According to the Production Code, "miscegenation  (sex relationships between the white and black races) is forbidden." This act, while not explicitly including Chinese Americans or Japanese Americans, for example, effectively barred Wong from leading-lady roles and condemned her to caricatures of doomed, submissive women or demonic, sexually predatory women. (For "The Production Code and 'Miscegenation," from the Film Reference encyclopedia, click here.)

Wong and Dietrich,
in Shanghai Express
Wong moved to Europe, where she had a spectacular career, culminating n her last silent film, Piccadilly, from 1929. She returned to Hollywood and took one more dragon-lady role, playing Fu Manchu's daughter Ling Moy in the 1931 Daughter of the Dragon (Fu Manchu was, of course, played by the Swedish-American Warner Oland in yellowface).

But in 1932 Wong co-starred with Marlene Dietrich in the unforgettable Shanghai Express. (Wong had met and become friends with Dietrich during her time in Europe.) Wong plays a prostitute, Hui Fei, but in this she is matched Dietrich's Shanghai Lily, also a sexual adventuress. They are both "coasters"--women who live "by their wits," traveling on the China coast. Dietrich's character avoids rape by the evil Henry Chang (described as a "Eurasian," but the character is played by Warner Oland, again in yellowface), but Wong's Hui Fei is not so lucky. Later the stoic Lui Fei quietly assassinates the warlord. Even better, she survives after she commits this heroic act! (In most of her roles, whether a China doll or a Dragon Lady, she winds up dead.)

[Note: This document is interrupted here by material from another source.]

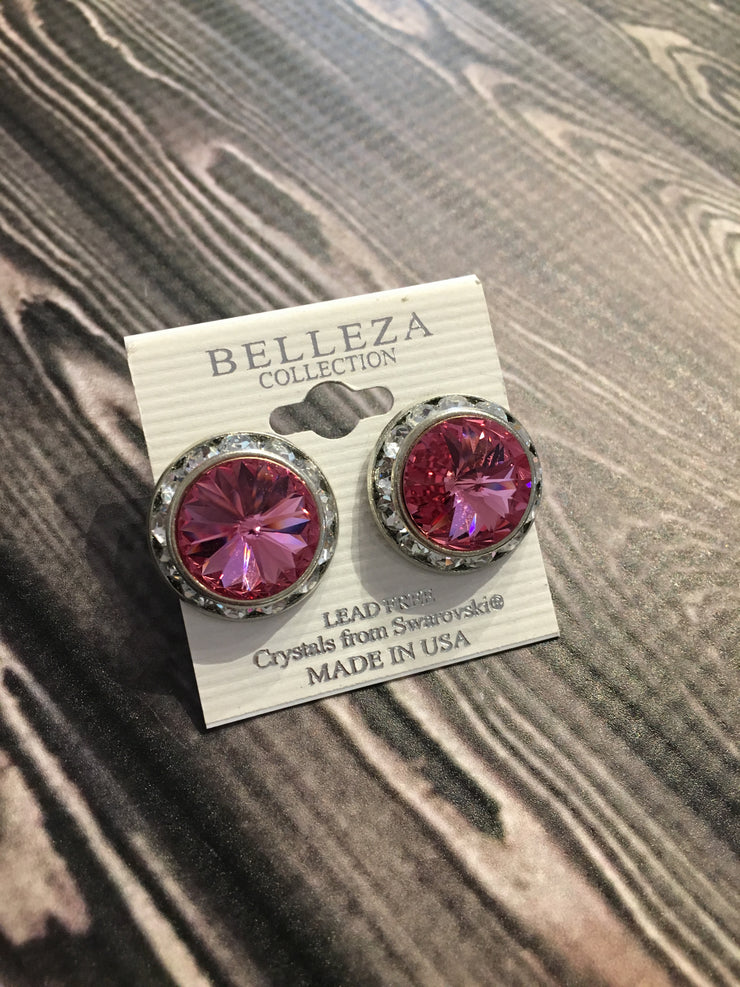 Belleza Collection - Swarovski Crystals Pierced Earrings - 20MM - XL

After Shanghai Express, Wong again found only stereotypical roles offered to her, and she again sought work in Europe, returning to the U.S. in 1935, hoping to play the role of O-lan in the film version of Pearl S. Buck's The Good Earth. Who could be better cast in this role than Wong? Unfortunately, the role went to the Austrian actress Luise Rainer, who played the role in yellowface--and won an Academy Award.

Wong continued to work on stage, on television, and in film throughout her life. But as with today's Asian-American actors, she found too many of the roles to be caricatures, too few giving full scope to her talent. 

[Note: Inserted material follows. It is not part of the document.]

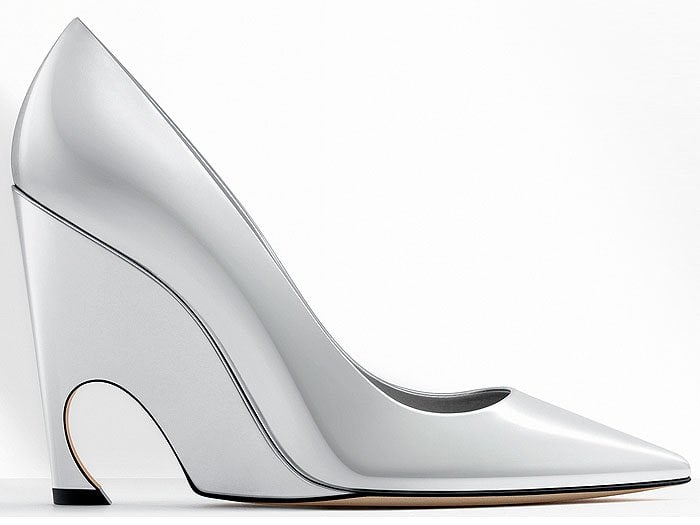 Dior silver metallic calfskin pumps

Like the actors quoted in today's Times, Wong spoke out against the stereotyping of Asian Americans. As Zihao Wang writes, "Her activism and sacrifices to push Asian American identity in entertainment tried to paint a human picture of Asian Americans in a time when stereotypes and prejudice prevailed. Both American and Chinese communities relentlessly critiqued her work. Upon returning from her pilgrimage to China; Anna May Wong commented 'It’s a pretty sad situation to be rejected by Chinese because I’m "too American" and by American producers because they prefer other races to act Chinese parts.'" (To read his piece "Anna May Wong: Mother of the Diasporic Struggle," click here

As filmmaker Yunah Hong, whose documentary Anna May Wong: In Her Own Words premiered on PBS in 2013, notes, "When her film roles were limited, she traveled around Europe performing in cabarets, polishing her talents as a singer, dancer and monologuist. When MGM didn't cast her in The Good Earth, a film set in China, she went to China anyway and filmed her trip. Long before anyone was called a 'community activist,' she devoted herself to the Chinese American community's war effort during World War II."


In 2008, Turner Classic Movies broadcast an incredible series, "Asian Images in Film." Luckily, you can still read the introductory essay (click here), see the entire schedule (you can reproduce the TCM film series for yourself!), and read about Jeff Adachi's documentary The Slanted Screen. You will also find an extended essay on each of the 35 films in the series, as well as find information about another documentary, Elaine Mae Woo's Anna May Wong: Frosted Yellow Willows: Her Life, Times, and Legend (2008).

There are many spectacular images of Wong online--depicting her in the stereotypical roles of China doll or Dragon Lady. They are gorgeous, and you can seek them out if you want. But I chose not to include any of them here.